PARTIE 3 : Vécu de l'orphelinage et conditions de sortie

7. Vécu et prise en charge des orphelins placés aujourd’hui Nous venons de le voir, la prise en charge des orphelins, même si elle montre certaines spécificités en

7.1. Des vécus différenciés en fonction des liens antérieurs aux parents décédés et des causes de décès

7.1.3. Les jeunes nés à l’étranger

Le vécu de l’orphelinage a été encore plus difficile à aborder lors des entretiens avec les jeunes nés à l’étranger, pour les raisons méthodologiques évoquées précédemment. Il ne sera donc pas possible ici de présenter une analyse exhaustive de leur vécu. Néanmoins, nous avons pu relever que les discours des jeunes nés à l’étranger sur le décès des parents et leur vécu de l’orphelinage présentent quelques spécificités, liées aux contextes de décès des parents.
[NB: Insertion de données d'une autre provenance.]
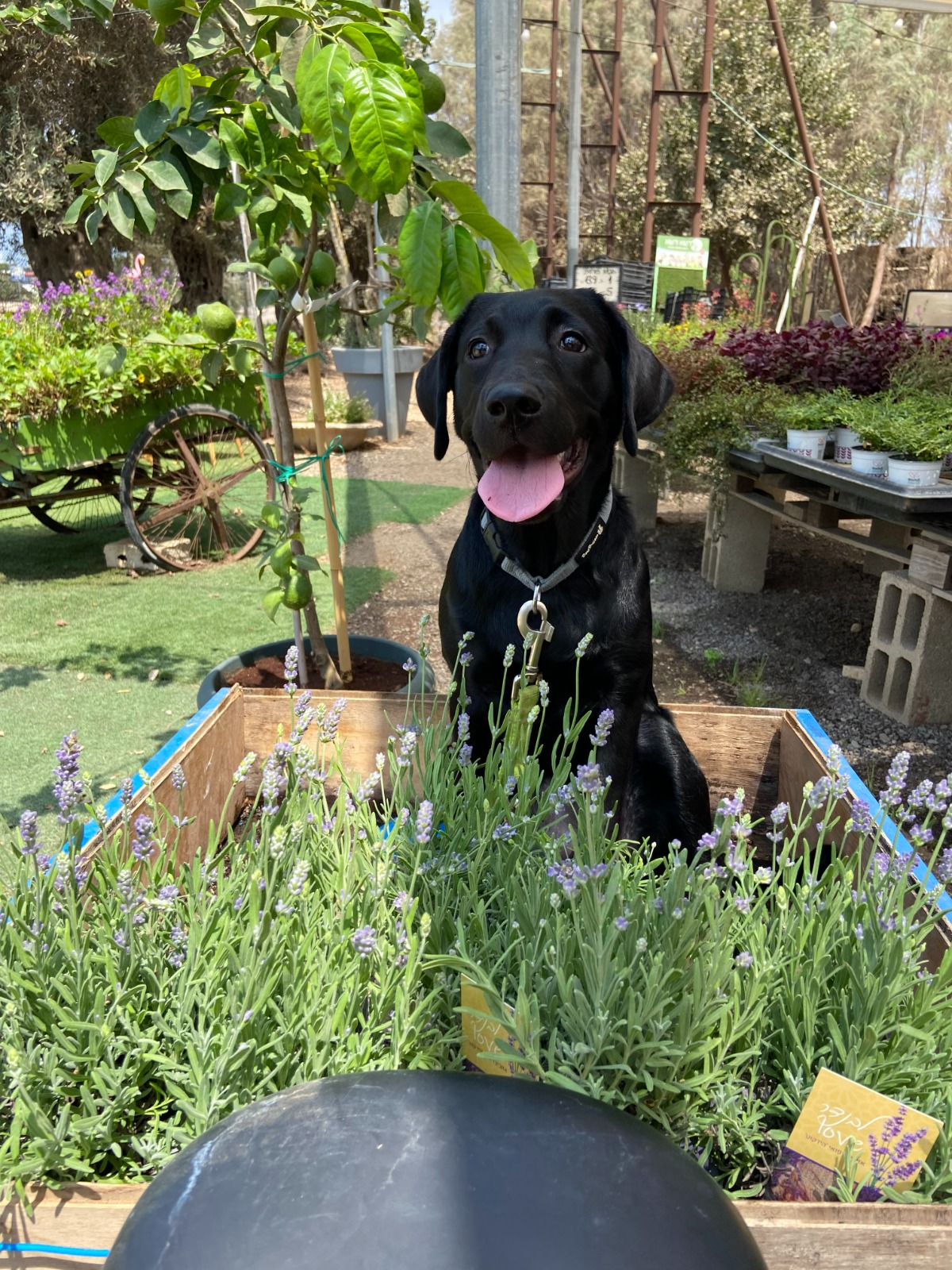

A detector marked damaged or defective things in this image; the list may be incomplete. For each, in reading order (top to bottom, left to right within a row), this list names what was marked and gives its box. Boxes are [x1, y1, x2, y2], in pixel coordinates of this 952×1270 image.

rusty wagon wheel [119, 406, 275, 572]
En effet, qu’ils soient arrivés en migration accompagnée ou en migration isolée, nous avons vu que les causes de décès des parents étaient de deux ordres : soit elles étaient liées à un contexte politique et de guerre ayant souvent entraîné des morts violentes ou des incertitudes sur le devenir de certains parents ; soit elles étaient liées à des causes naturelles dans les pays d’origine dans lesquels l’espérance de vie générale est faible et l’accès aux soins difficile.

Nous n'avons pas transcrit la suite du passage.